Twitter is really great at letting you know about the weather. Twitter may be less great at impacting it. But two initiatives aim to try.
Activists from 350.org and partner organizations have launched a “Twitterstorm,” encouraging people to tweet the hashtag #endfossilfuelsubsidies today. Their aim is to both draw attention to government underwriting of the fossil fuel industry and to put pressure on participants at the Earth Summit in Rio to take effective action on climate change.
They have a benchmark in mind: to best a record set by Justin Bieber fans in which the same message (wishing him a happy birthday) was tweeted 322,000 times in one day. Tracking the hashtag, it looks like they have a ways to go — but any contest that aims to diminish the dominance of Justin Bieber is obviously one that receives my hearty endorsement.
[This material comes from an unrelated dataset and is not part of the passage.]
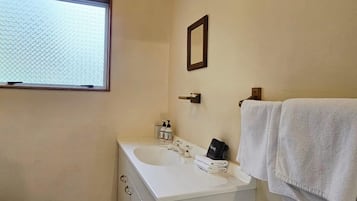 Un baño con ventana, lavamanos, espejo y toallero.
Meanwhile, in Arizona, the Department of Transportation (ADOT) is having a poetry contest, as transportation agencies so often do. They’ve hit on a rarely recognized feature of Twitter: It’s the perfect size for a haiku. (You remember haiku. A poem in three lines; five syllables, seven syllables, five syllables.)
In addition to beatnik public service workers, Arizona is home to dust storms, also known to chuckling teenage boys as haboobs. The storms are getting worse, and more common, as higher aridity and lower vegetative cover makes it easier for dust to be kicked up. The blinding clouds sweep across roadways, making travel all but impossible. But Arizonans still try, causing accidents and road fatalities.
Enter the haiku contest. ADOT is asking people to tweet a haiku about the foolishness of trying to drive when you can’t see; the better ones are then retweeted. This Reuters article gives some examples, including:
world turns brown with dust
can’t see red taillights ahead
until — oh crap! Oops.
And:
You’re not a Jedi
This is not Tatooine, Luke
Pull over now, man.
Hm. Too bad all the best poets are tied up doing road maintenance.